Lorsque j’étais ministre de l’Industrie, nous avons consacré beaucoup de temps — comme mes successeurs l’ont fait — à assurer la vigueur continue du secteur canadien de l’automobile, qui est entièrement intégré à ceux du Mexique et des États-Unis.

Notre secteur aérospatial est un secteur manufacturier très important pour plusieurs régions du Canada, notamment le Québec, l’Ontario, ainsi que des régions de l’Ouest canadien, où il y a une chaîne d’approvisionnement intégrée. Si ce secteur, avec lequel nous avons bien réussi depuis la Deuxième Guerre mondiale, était privé de l’accès au marché américain, il se retrouverait à peu près dans la même situation que notre secteur de la construction navale aujourd’hui, qui a été affaibli par le manque d’accès au marché américain en raison de la Jones Act, dont nous n’avons jamais pu nous débarrasser, malgré le libre-échange entre le Canada et les États-Unis, l’ALENA ou l’ACEUM.

Voici pour mes observations générales.

Lorsque j’ai lu attentivement le projet de loi C-282 — ce qui ne m’a pas pris beaucoup de temps, je dois l’admettre —, j’ai été frappé par le fait que nous avons ciblé un secteur, qui n’est pas un secteur d’exportation, pour qu’il bénéficie d’une protection spéciale et d’une marge de manœuvre lors de futures négociations commerciales. Je me suis dit, quelle chose curieuse à faire. Parmi tous les secteurs dont j’avais la responsabilité en tant que ministre de l’Industrie, il y en avait de nombreux qui comptent plus d’emplois et qui génèrent plus de revenus et de PIB que les secteurs soumis à la gestion de l’offre. Oui, ils sont importants pour les gens qui y travaillent. Oui, ils sont importants parce que les Canadiens achètent ces produits et comptent sur leur qualité. Toutefois, le fait de les cibler dans les futures négociations commerciales me semble très étrange et, selon moi, équivaut à attirer davantage l’attention sur eux. Cela s’apparente à signaler à nos homologues commerciaux que c’est là que le Canada est sensible, et que c’est à ces secteurs qu’ils doivent s’attaquer.

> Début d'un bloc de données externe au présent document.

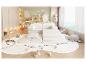 Chambre d'enfant avec canapé modulaire, jouets en bois et étagères à jouets.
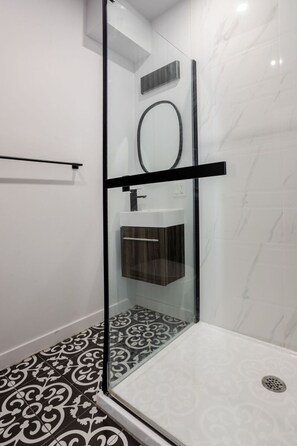 ヘアドライヤー、タオル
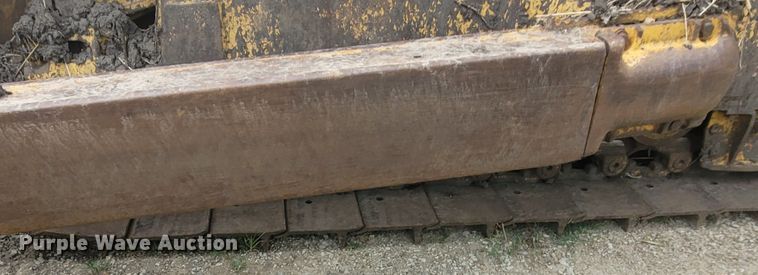 image for item BY9421 1997 Komatsu D65EX-12  dozer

Je considère cela comme une aberration. Je m’interroge également sur cette tactique, qui semble attirer davantage l’attention sur nos faiblesses qu’assurer une quelconque forme de protection honnête. Force est d’admettre que de nombreux accords commerciaux — tous peut-être, mais certainement la plupart — exigent des modifications législatives une fois qu’ils sont conclus.

Le président : Monsieur Manley, je suis désolé. Je dois vous interrompre. Vous avez dépassé votre temps. J’ai été généreux avec vous, et je suis certain que bon nombre de ces points seront soulevés pendant la période des questions.

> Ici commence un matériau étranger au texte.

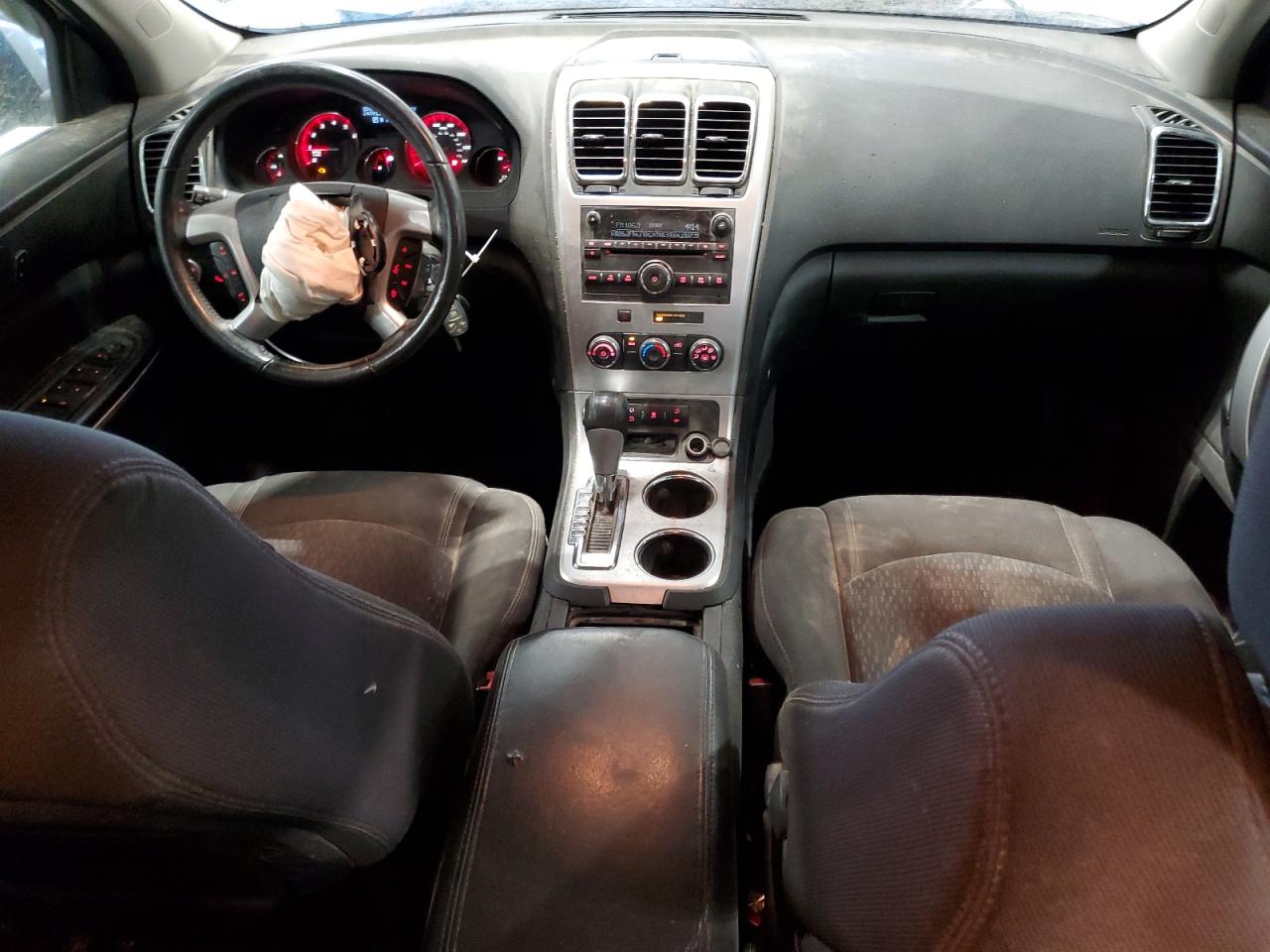 2011 GMC Acadia - Image 8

John Treleaven, vous avez la parole. Je vous en prie.

John Treleaven, consultant en commerce international et ancien ambassadeur du Canada aux Philippines, à titre personnel : Bonjour, honorables sénateurs. Je vous remercie de me donner cette occasion unique de comparaître devant le comité depuis chez moi, à Victoria, en Colombie-Britannique.

Je comparais devant vous en tant qu’ancien ambassadeur, comme l’ont fait plusieurs de mes collègues. Je le fais également comme petit-fils de Ruben Treleaven qui, tout au long de sa vie, a été propriétaire de la Palmerston Creamery et un champion de la fabrication de beurre en Ontario. Son fils Norman était propriétaire de la Holstein Creamery et était à la fois producteur de beurre, producteur d’œufs et, à un moment donné, exploitant d’une entreprise d’abattage de poulets. Sa fille Alma a épousé Ken Alles. Les deux exploitaient une ferme dans le canton d’Egremont du comté de Grey, et ils avaient un important troupeau laitier. C’est ma grand-mère, Lucinda, qui a donné son nom à l’emblématique Palm Dairies.

Vous avez entendu John Weekes, Jonathan Fried, Ian Burney, Deanna Horton, John Tennant qui, comme vous le savez, sont tous d’éminents anciens fonctionnaires qui ont passé des décennies à négocier la politique commerciale internationale pour le Canada. Chacun a exprimé de profondes réserves au sujet du risque pour notre position commerciale et notre réussite future de l’adoption du projet de loi dans sa forme actuelle. J’appuie leur point de vue sans réserve, mais je le fais dans une perspective légèrement différente.

J’ai passé la plus grande partie de ma carrière en service extérieur à l’étranger, à titre de délégué commercial du Canada, cherchant à transformer le pouvoir d’achat du Brésil, de Puerto Rico, du Royaume-Uni, de l’Amérique centrale, de Hong Kong, du Japon et des Philippines en prospérité économique pour le Canada. À l’époque où M. Manley était ministre, je crois qu’il était question d’un programme de création d’emplois et de croissance. Au cours de mes 32 années à ce poste et de mes cinq années à titre de président et chef de la direction du Saskatchewan Trade & Export Partnership, j’ai travaillé avec des milliers d’entrepreneurs canadiens et d’entreprises exportatrices de toutes les provinces et de tous les territoires qui, collectivement, sont à l’origine du statut nécessaire du Canada de nation commerçante.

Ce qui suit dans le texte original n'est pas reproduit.